Après avoir ouvert son compteur sur l’HotelPlanner Tour au Vaudreuil début juillet, puis confirmé dans la foulée avec une deuxième place en Allemagne, Julien Sale arrive au Portugal avec une confiance retrouvée. À 28 ans, le Français poursuit son objectif : se rapprocher encore un peu plus du DP World Tour, qu’il devrait découvrir la saison prochaine.
Frédéric PLISSON, à Lisbonne
Il y a des victoires qui comptent davantage que les autres. Celle décrochée début juillet au Vaudreuil en fait partie. En s’imposant dans l’épreuve normande, Julien Sale est devenu le premier Français à inscrire son nom au palmarès du tournoi et a surtout signé son premier succès sur l’HotelPlanner Tour.
Une semaine plus tard, le Réunionnais confirmait que cette victoire n’avait rien d’un feu de paille. Deuxième du German Challenge, il enchaînait avec un nouveau podium et s’installait parmi les hommes forts de la course à la montée. À la mi-juillet, il était ainsi quatrième de la Road to Mallorca et meilleur Français du classement. Une place de choix qu’il n’a pas laissée filer depuis… Son ambition est grande : s’installer durablement au plus haut niveau européen…
GOLF PLANETE : Vous voilà au sud de Lisbonne, sur ce parcours de l’Aroeira PGA 1. Un tracé que vous découvrez…
Julien Sale : Après le Royal Óbidos, au nord de Lisbonne, nous voilà donc un peu plus au sud, sur ce parcours de l’Aroeira. Le site me rappelle le sud-ouest de la France, les Landes, avec un tracé étroit bordé d’arbres, demandant de la précision sur chaque départ. J’ai fait 18 trous en « reco » avec Julien Brun ce mardi matin, puis je ferai 9 trous après le pro-am de mercredi. Je vise à voir chaque parcours une fois, idéalement deux pour certains. Je consulte en amont les applis pour avoir une vue générale, mais j’attends bien sûr d’être sur place avec le carnet de parcours pour ajuster plus finement (relief, dénivelés).
Le tournoi à Abu Dhabi aura bien lieu… il a été confirmé ce week-end
Julien Sale
G.P. : Après Lisbonne, l’HPT a rendez-vous à Abu Dhabi dans deux semaines. Cette étape aura-t-elle bien lieu malgré le contexte géopolitique ?

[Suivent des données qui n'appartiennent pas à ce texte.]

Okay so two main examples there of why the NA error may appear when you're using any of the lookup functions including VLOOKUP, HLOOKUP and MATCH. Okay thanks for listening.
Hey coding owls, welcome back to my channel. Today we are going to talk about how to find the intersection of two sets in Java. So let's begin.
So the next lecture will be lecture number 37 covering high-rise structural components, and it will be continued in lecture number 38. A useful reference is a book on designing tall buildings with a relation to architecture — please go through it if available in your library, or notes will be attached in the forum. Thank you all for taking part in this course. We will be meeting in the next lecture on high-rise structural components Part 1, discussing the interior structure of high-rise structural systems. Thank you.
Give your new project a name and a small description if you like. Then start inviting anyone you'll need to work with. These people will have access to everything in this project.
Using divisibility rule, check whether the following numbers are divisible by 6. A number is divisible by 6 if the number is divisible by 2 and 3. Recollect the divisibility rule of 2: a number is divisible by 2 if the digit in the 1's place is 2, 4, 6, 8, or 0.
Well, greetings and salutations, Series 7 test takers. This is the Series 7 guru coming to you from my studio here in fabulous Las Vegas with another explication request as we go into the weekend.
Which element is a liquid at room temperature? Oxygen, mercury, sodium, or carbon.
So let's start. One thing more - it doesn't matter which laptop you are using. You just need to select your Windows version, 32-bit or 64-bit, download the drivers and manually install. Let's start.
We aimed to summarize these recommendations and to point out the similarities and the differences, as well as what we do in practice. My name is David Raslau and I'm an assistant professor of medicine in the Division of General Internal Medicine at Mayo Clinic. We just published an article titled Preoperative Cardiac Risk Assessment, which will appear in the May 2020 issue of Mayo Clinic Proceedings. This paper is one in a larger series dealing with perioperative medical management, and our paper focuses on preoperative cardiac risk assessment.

J.S. : Le tournoi à Abu Dhabi a été confirmé ce week-end. Mais j’ai fait le choix de ne pas y aller. Je fais quelques coupures dans la saison. J’ai reçu une invitation pour le FedEx Open de France la semaine prochaine. J’enchaînerai avec l’Asian Tour puis les deux tournois en Chine sur l’HotelPlanner Tour. Et enfin la grande finale à Majorque.
G.P. : Quel regard portez-vous sur votre saison ?
J.S. : Je suis très satisfait de mon année et surtout de mon été. Après des débuts corrects, j’ai remporté le Vaudreuil. Ajoutez à cela ma 2e place en Allemagne, et je me suis retrouvé en tête du classement. Puis j’ai confirmé avec deux top 10, ce qui a réduit la pression et me permet de viser la meilleure position finale.
G.P. : Ressentez-vous une pression constante concernant les points du ranking ?
J.S. : Les gros points viennent des top 10, des top 5, des podiums et bien sûr des victoires. Je garde toujours l’objectif des points dans un coin de ma tête sans en être obsédé, car cela nuirait à ma performance. Je me concentre sur le présent, mes routines et ce qui fonctionne, en adoptant une approche simple et stable qui a produit de bons résultats.
G.P. : Votre succès au Vaudreuil a-t-il été un déclic ?
J.S. : Je ne parlerais pas de déclic. Ce fut plutôt une continuité dans les processus mis en place depuis des années. Bien sûr que la victoire apporte un boost de confiance. Elle prouve que le travail fonctionne et incite à ne pas changer ce qui marche. Mais les choses évoluent… Si j’arrive à portée des leaders sur les neuf derniers trous, je suis désormais capable de saisir ma chance. Voir mon nom au leaderboard peut exercer une pression sur les autres. Ça peut me donner un léger avantage psychologique.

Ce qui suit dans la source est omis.